Copenhagen is over, the health care bill passed its first and probably decisive test in the Senate on a straight party-line 60-40 vote, the minimum necessary to avoid an unbreakable
filibuster. So evaluations of the outcomes have begun.
Internationally there's a lot of skepticism about the Copenhagen agreement, expressed particularly in UK papers, like the Guardian. This
BBC summary is a bit more balanced but still pretty brutal.
Update: Sam Hummel's useful and detailed account at Salon questions much of the reporting on Copenhagen. He asserts that no better accord was rejected, that while they were disappointed that the accord wasn't stronger, most developing nations supported it; the accord was put together by a representative group rather than a "backroom deal" of a few countries; and that the accord is meaningful:
"The importance of getting an agreement under which the major developing nation emitters recognize they have a responsibility to act cannot be overstated!" He also says that Obama is not to blame for any perceived weakness in the accord, and that his contribution was positive. He concludes:
"The things I saw, in every segment of the COP15 negotiations that I had the opportunity to watch, gave me hope."

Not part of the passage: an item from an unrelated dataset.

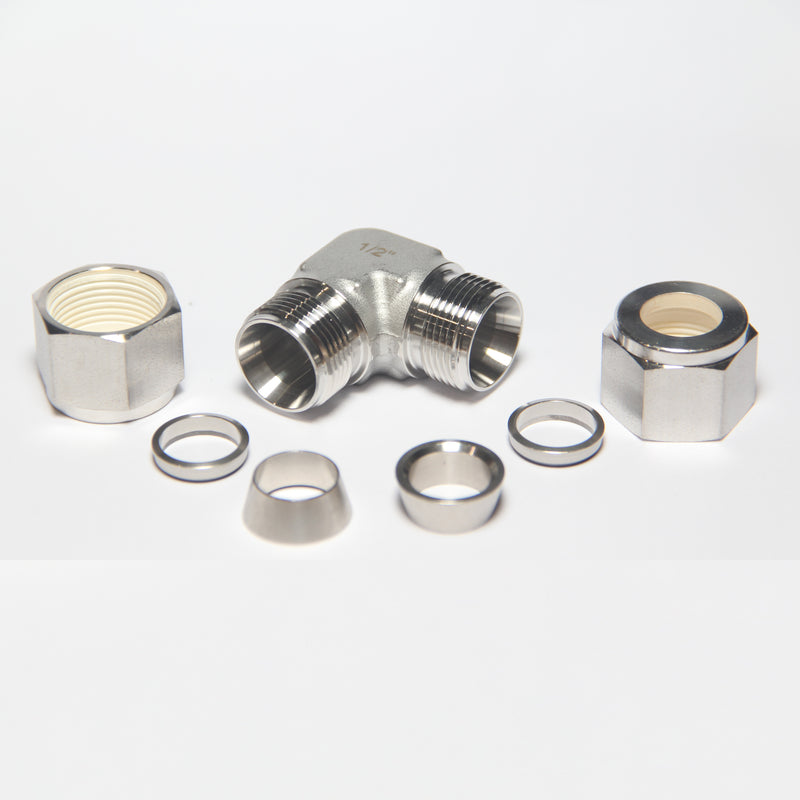 Compression Tube Fitting 90 Degree Elbow 1/2" Tube OD x 1/2" Tube OD Stainless Steel 316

On the health care bill, while some on the left are still angry, some oppose provisions or especially what's lacking so intensely that they remain opposed to the bill, others--like
Kos--are calling for the left to continue to try to improve the bill until it is in absolute final form. At that point, if it doesn't become "worse," he and others will likely support it.
There's a growing sense that it's the best that could be expected, that all major "revolutionary" legislation began in a limited, inadequate form, and that what it does is better than things as they are. And there's the beginning of admission that it's an historic achievement for the Obama administration. As Andrew Sullivan
wrote, "It was as grueling a victory as the one in the primaries, and took even longer. But it was a victory, a substantive, enduring legislative victory the like of which no president has achieved since Reagan." In the context of the ongoing madness in the U.S. Senate on health care, several more voices have joined
mine and Ezra Klein's in asserting that the current misuse of the
filibuster as demanding a super-majority for any substantive bill is the prime suspect in a government that can't quite govern: The Nation's Chris Hayes said so on
MSNBC, and
Paul Krugman concludes that
"the U.S. government as a whole — has become ominously dysfunctional."But what does all this mean for "this fateful moment" in the shape of things to come? It's more than a truism to say, only time will tell. It's a reminder that quite a lot is unpredictable. But from this perspective, it is ominous. The basic fact is that neither the need for a decent health care system in the U.S. and a concerted effort to address the Climate Crisis by the entire world could overcome the power of other political and economic interests.
While there is plenty of responsibility to go around, the usual suspects of the huge financial and economic interests--the multinationals and their banks, the big fossil fuel and insurance conglomerates--have been busy in the shadows, pulling silent strings.
Those interests mightily influence U.S. politics, and since I know this landscape better, this is where I see the most disgusting and disquieting evidence. It's true on the Climate Crisis as well as health care--for the lack of congressional action on carbon limited what President Obama could promise or persuade in Copenhagen.
This is despite what I believe is much stronger public support for universal health care and for action on the Climate Crisis. Polls suggest this as well, including a
new one on the Climate Crisis, in which 65% favored regulating carbon emissions.
So at this moment, the conclusion on both issues suggest important beginnings, but containing flaws that may turn out to be fatal. The health care bill may not control costs or lower premiums enough, may impose an unpopular and perhaps
unconstitutional "individual mandate" to buy products from private insurance, and may be phased in so gradually that it remains vulnerable to political destruction before it takes full effect. The Copenhagen agreement may not lead to real agreements to act, and may signal that national governments won't act quickly enough or sufficiently to either blunt the effects of the Climate Crisis in the near future, and especially stop the worst from happening later on.
I agree with those who say that even if he had done some things differently, President Obama could not have altered either outcome for the better. And I'm not going to waste my energy on political posturing. I have no editors to please or ideological banner to wave from my masthead. I have no producers to please by being outrageous.
As far as what we do to make a better future using the instruments of politics as well as of science, business and law: this is where we are. Both the health care bill (assuming that something like this becomes law) and the Copenhagen agreement do reverse the recent and seemingly unstoppable official refusal by the U.S. government to recognize and confront these fateful issues.
Most of these efforts will be conducted by people younger than me. To them I
reiterate that hope is not what you feel but what you do.